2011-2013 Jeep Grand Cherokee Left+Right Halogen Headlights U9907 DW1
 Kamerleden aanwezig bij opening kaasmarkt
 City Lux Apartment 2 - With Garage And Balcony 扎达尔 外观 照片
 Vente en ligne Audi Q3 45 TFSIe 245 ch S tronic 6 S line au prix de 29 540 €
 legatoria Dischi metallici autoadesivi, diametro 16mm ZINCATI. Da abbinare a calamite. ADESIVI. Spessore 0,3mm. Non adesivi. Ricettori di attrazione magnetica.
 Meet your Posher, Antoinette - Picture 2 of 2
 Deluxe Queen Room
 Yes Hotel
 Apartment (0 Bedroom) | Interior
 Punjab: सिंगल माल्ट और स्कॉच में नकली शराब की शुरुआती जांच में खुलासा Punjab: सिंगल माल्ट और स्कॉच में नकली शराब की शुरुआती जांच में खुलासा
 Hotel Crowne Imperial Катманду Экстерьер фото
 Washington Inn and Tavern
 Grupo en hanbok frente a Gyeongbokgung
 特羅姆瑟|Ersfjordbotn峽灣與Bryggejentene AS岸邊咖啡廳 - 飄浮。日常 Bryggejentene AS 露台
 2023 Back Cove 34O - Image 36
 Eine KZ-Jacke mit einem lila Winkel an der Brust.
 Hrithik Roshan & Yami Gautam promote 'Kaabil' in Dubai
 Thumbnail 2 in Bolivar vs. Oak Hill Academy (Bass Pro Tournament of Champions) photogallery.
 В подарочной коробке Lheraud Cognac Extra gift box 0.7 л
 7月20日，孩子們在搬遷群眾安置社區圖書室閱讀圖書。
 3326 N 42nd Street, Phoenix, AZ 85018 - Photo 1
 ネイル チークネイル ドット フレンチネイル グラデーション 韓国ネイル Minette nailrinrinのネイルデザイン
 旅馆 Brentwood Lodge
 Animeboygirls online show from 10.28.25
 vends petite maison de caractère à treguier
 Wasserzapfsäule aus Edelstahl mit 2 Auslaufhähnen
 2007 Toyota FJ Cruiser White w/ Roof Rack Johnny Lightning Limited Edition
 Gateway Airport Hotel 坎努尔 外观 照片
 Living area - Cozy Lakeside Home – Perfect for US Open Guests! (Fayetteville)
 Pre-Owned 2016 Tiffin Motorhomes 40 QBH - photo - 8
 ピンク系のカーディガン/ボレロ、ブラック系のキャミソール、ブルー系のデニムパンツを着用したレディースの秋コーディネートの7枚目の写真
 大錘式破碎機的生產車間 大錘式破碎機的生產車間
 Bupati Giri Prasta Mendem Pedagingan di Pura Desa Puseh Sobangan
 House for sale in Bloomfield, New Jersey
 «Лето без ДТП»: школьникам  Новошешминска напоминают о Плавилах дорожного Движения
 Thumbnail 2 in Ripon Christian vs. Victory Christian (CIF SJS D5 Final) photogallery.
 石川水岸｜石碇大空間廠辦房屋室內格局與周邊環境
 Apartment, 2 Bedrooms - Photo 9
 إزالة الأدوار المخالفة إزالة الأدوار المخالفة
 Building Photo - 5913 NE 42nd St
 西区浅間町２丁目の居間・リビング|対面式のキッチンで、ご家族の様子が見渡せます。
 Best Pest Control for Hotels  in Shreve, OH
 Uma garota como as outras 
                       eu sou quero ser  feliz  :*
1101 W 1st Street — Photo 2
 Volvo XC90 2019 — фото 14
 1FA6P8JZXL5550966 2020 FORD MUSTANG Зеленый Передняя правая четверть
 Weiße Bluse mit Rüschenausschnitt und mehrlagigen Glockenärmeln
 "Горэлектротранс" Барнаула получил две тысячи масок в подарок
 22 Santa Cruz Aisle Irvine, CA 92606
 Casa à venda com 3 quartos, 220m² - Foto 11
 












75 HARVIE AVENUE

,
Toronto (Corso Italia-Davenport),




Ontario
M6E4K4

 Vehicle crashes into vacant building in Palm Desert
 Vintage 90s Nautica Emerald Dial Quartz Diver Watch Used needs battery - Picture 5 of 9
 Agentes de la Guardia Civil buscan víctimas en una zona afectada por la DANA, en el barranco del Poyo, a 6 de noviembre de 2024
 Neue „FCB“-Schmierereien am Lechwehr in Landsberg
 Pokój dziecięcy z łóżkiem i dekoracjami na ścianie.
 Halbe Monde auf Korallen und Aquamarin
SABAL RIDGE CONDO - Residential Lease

_ _ _ _ _ _ _

> WHAT THE EXERCISE ASKS: Retype word for word everything in the listing above from the line that holds "大錘式破碎機的生產車間 大錘式破碎機的生產車間" down to the line that holds "Vehicle crashes into". Keep both end lines and leave out the rest.

> ANSWER TO THE PROBLEM:
 大錘式破碎機的生產車間 大錘式破碎機的生產車間
 Bupati Giri Prasta Mendem Pedagingan di Pura Desa Puseh Sobangan
 House for sale in Bloomfield, New Jersey
 «Лето без ДТП»: школьникам  Новошешминска напоминают о Плавилах дорожного Движения
 Thumbnail 2 in Ripon Christian vs. Victory Christian (CIF SJS D5 Final) photogallery.
 石川水岸｜石碇大空間廠辦房屋室內格局與周邊環境
 Apartment, 2 Bedrooms - Photo 9
 إزالة الأدوار المخالفة إزالة الأدوار المخالفة
 Building Photo - 5913 NE 42nd St
 西区浅間町２丁目の居間・リビング|対面式のキッチンで、ご家族の様子が見渡せます。
 Best Pest Control for Hotels  in Shreve, OH
 Uma garota como as outras 
                       eu sou quero ser  feliz  :*
1101 W 1st Street — Photo 2
 Volvo XC90 2019 — фото 14
 1FA6P8JZXL5550966 2020 FORD MUSTANG Зеленый Передняя правая четверть
 Weiße Bluse mit Rüschenausschnitt und mehrlagigen Glockenärmeln
 "Горэлектротранс" Барнаула получил две тысячи масок в подарок
 22 Santa Cruz Aisle Irvine, CA 92606
 Casa à venda com 3 quartos, 220m² - Foto 11
 












75 HARVIE AVENUE

,
Toronto (Corso Italia-Davenport),




Ontario
M6E4K4

 Vehicle crashes into vacant building in Palm Desert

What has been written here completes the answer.